The master branch has been updated by Tom de Vries <vries@sourceware.org>: https://sourceware.org/git/gitweb.cgi?p=binutils-gdb.git;h=4ece39c56cfdd5647d4061f3c084b9de6f9e443c commit 4ece39c56cfdd5647d4061f3c084b9de6f9e443c Author: Tom de Vries <tdevries@suse.de> Date: Thu Jan 11 10:12:48 2024 +0100 [gdb/testsuite] Extend gdb.base/kill-during-detach.exp I ran into the following FAIL: ... (gdb) python kill_and_detach()^M Traceback (most recent call last):^M File "<string>", line 1, in <module>^M File "<string>", line 7, in kill_and_detach^M gdb.error: Selected thread is running.^M Error while executing Python code.^M (gdb) FAIL: gdb.base/kill-during-detach.exp: exit_p=true: checkpoint_p=true: \ python kill_and_detach() ... The FAIL happens as follows: - gdb is debugging a process A - a checkpoint is created, in other words, fork is called in the inferior, after which we have: - checkpoint 0 (the fork parent, process A), and - checkpoint 1 (the fork child, process B). - during checkpoint creation, lseek is called in the inferior (process A) for all file descriptors, and it returns != -1 for at least one file descriptor. - the process A continues in the background - gdb detaches, from process A - gdb switches to process B, in other words, it restarts checkpoint 1 - while restarting checkpoint 1, gdb tries to call lseek in the inferior (process B), but this fails because gdb incorrectly thinks that inferior B is running.
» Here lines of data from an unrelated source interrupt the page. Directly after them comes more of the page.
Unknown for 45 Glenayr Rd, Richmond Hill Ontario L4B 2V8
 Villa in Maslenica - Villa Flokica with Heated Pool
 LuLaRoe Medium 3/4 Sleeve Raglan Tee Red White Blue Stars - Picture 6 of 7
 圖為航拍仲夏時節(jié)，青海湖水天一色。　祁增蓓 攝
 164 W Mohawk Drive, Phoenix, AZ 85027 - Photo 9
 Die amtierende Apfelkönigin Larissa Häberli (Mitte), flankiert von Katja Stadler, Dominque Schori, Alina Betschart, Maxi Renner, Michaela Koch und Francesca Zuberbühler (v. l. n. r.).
This happens because linux_nat_switch_fork patches the pid of process B into the current inferior and current thread which where originally representing process A. So, because process A was running in the background, the thread_info fields executing and resumed are set accordingly, but they are not correct for process B. There's a line in fork_load_infrun_state that fixes up the thread_info field stop_pc, so fix this by adding similar fixups for the executing and resumed fields alongside. The FAIL did not always reproduce, so extend the test-case to reliably trigger this scenario. Tested on x86_64-linux. Approved-By: Kevin Buettner <kevinb@redhat.com> PR gdb/31203 Bug: https://sourceware.org/bugzilla/show_bug.cgi?id=31203
Fixed.
(In reply to Tom de Vries from comment #0) > On an aarch64-linux with gdb 13.2.1, I run into: Hmm, that should have been gcc, not gdb.